__Activity__: Please write out each entry exactly as it appears.

__Stored entries__:

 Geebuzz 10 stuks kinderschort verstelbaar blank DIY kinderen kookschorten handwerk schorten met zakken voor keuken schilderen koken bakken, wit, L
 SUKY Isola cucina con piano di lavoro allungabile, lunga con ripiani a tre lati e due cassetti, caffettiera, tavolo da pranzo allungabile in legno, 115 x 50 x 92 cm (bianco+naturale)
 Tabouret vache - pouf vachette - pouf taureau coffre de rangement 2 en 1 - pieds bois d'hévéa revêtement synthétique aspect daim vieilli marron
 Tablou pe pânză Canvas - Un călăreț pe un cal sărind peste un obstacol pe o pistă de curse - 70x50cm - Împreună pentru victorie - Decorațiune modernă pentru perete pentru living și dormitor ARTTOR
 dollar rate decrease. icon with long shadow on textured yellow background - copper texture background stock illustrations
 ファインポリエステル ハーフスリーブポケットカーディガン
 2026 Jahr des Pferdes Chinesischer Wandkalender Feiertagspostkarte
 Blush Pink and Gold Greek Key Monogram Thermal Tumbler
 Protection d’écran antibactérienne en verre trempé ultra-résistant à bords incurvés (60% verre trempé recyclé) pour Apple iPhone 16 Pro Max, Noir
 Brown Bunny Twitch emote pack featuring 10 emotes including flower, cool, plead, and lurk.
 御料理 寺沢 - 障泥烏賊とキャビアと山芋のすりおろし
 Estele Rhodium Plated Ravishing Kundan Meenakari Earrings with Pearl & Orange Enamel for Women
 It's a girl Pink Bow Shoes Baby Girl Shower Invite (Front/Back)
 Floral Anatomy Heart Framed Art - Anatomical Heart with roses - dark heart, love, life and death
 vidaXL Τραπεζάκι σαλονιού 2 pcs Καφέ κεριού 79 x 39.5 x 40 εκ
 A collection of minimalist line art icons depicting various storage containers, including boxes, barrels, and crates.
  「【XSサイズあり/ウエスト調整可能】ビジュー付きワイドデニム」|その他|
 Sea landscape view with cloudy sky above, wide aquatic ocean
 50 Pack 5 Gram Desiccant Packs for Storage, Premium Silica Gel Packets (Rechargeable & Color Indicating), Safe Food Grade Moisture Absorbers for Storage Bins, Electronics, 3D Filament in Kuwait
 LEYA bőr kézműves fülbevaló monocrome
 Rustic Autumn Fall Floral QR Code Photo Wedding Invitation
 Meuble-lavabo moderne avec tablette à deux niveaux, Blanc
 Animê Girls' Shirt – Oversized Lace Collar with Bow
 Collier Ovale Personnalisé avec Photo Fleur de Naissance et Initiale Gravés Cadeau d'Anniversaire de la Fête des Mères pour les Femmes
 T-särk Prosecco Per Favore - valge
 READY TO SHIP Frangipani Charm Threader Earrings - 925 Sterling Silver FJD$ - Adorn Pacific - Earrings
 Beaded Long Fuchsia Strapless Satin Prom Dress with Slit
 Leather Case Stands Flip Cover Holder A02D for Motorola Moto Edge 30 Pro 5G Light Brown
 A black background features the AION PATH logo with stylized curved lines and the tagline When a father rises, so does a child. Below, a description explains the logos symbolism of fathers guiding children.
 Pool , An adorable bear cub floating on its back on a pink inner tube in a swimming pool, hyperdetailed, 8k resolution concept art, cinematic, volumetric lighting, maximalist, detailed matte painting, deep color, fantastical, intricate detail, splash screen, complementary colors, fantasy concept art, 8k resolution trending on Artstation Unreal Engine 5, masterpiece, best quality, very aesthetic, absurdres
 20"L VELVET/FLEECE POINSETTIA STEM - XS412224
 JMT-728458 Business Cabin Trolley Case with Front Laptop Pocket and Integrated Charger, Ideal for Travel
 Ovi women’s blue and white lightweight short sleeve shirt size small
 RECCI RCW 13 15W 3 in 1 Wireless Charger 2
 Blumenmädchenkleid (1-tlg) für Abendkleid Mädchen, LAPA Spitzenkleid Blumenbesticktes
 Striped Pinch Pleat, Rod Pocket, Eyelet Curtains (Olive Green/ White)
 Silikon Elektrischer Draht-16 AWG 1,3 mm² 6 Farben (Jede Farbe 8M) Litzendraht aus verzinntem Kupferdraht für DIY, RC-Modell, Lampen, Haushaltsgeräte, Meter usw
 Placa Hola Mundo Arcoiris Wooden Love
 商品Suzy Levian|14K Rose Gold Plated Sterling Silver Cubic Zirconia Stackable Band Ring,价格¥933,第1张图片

__Written response__:
 Geebuzz 10 stuks kinderschort verstelbaar blank DIY kinderen kookschorten handwerk schorten met zakken voor keuken schilderen koken bakken, wit, L
 SUKY Isola cucina con piano di lavoro allungabile, lunga con ripiani a tre lati e due cassetti, caffettiera, tavolo da pranzo allungabile in legno, 115 x 50 x 92 cm (bianco+naturale)
 Tabouret vache - pouf vachette - pouf taureau coffre de rangement 2 en 1 - pieds bois d'hévéa revêtement synthétique aspect daim vieilli marron
 Tablou pe pânză Canvas - Un călăreț pe un cal sărind peste un obstacol pe o pistă de curse - 70x50cm - Împreună pentru victorie - Decorațiune modernă pentru perete pentru living și dormitor ARTTOR
 dollar rate decrease. icon with long shadow on textured yellow background - copper texture background stock illustrations
 ファインポリエステル ハーフスリーブポケットカーディガン
 2026 Jahr des Pferdes Chinesischer Wandkalender Feiertagspostkarte
 Blush Pink and Gold Greek Key Monogram Thermal Tumbler
 Protection d’écran antibactérienne en verre trempé ultra-résistant à bords incurvés (60% verre trempé recyclé) pour Apple iPhone 16 Pro Max, Noir
 Brown Bunny Twitch emote pack featuring 10 emotes including flower, cool, plead, and lurk.
 御料理 寺沢 - 障泥烏賊とキャビアと山芋のすりおろし
 Estele Rhodium Plated Ravishing Kundan Meenakari Earrings with Pearl & Orange Enamel for Women
 It's a girl Pink Bow Shoes Baby Girl Shower Invite (Front/Back)
 Floral Anatomy Heart Framed Art - Anatomical Heart with roses - dark heart, love, life and death
 vidaXL Τραπεζάκι σαλονιού 2 pcs Καφέ κεριού 79 x 39.5 x 40 εκ
 A collection of minimalist line art icons depicting various storage containers, including boxes, barrels, and crates.
  「【XSサイズあり/ウエスト調整可能】ビジュー付きワイドデニム」|その他|
 Sea landscape view with cloudy sky above, wide aquatic ocean
 50 Pack 5 Gram Desiccant Packs for Storage, Premium Silica Gel Packets (Rechargeable & Color Indicating), Safe Food Grade Moisture Absorbers for Storage Bins, Electronics, 3D Filament in Kuwait
 LEYA bőr kézműves fülbevaló monocrome
 Rustic Autumn Fall Floral QR Code Photo Wedding Invitation
 Meuble-lavabo moderne avec tablette à deux niveaux, Blanc
 Animê Girls' Shirt – Oversized Lace Collar with Bow
 Collier Ovale Personnalisé avec Photo Fleur de Naissance et Initiale Gravés Cadeau d'Anniversaire de la Fête des Mères pour les Femmes
 T-särk Prosecco Per Favore - valge
 READY TO SHIP Frangipani Charm Threader Earrings - 925 Sterling Silver FJD$ - Adorn Pacific - Earrings
 Beaded Long Fuchsia Strapless Satin Prom Dress with Slit
 Leather Case Stands Flip Cover Holder A02D for Motorola Moto Edge 30 Pro 5G Light Brown
 A black background features the AION PATH logo with stylized curved lines and the tagline When a father rises, so does a child. Below, a description explains the logos symbolism of fathers guiding children.
 Pool , An adorable bear cub floating on its back on a pink inner tube in a swimming pool, hyperdetailed, 8k resolution concept art, cinematic, volumetric lighting, maximalist, detailed matte painting, deep color, fantastical, intricate detail, splash screen, complementary colors, fantasy concept art, 8k resolution trending on Artstation Unreal Engine 5, masterpiece, best quality, very aesthetic, absurdres
 20"L VELVET/FLEECE POINSETTIA STEM - XS412224
 JMT-728458 Business Cabin Trolley Case with Front Laptop Pocket and Integrated Charger, Ideal for Travel
 Ovi women’s blue and white lightweight short sleeve shirt size small
 RECCI RCW 13 15W 3 in 1 Wireless Charger 2
 Blumenmädchenkleid (1-tlg) für Abendkleid Mädchen, LAPA Spitzenkleid Blumenbesticktes
 Striped Pinch Pleat, Rod Pocket, Eyelet Curtains (Olive Green/ White)
 Silikon Elektrischer Draht-16 AWG 1,3 mm² 6 Farben (Jede Farbe 8M) Litzendraht aus verzinntem Kupferdraht für DIY, RC-Modell, Lampen, Haushaltsgeräte, Meter usw
 Placa Hola Mundo Arcoiris Wooden Love
 商品Suzy Levian|14K Rose Gold Plated Sterling Silver Cubic Zirconia Stackable Band Ring,价格¥933,第1张图片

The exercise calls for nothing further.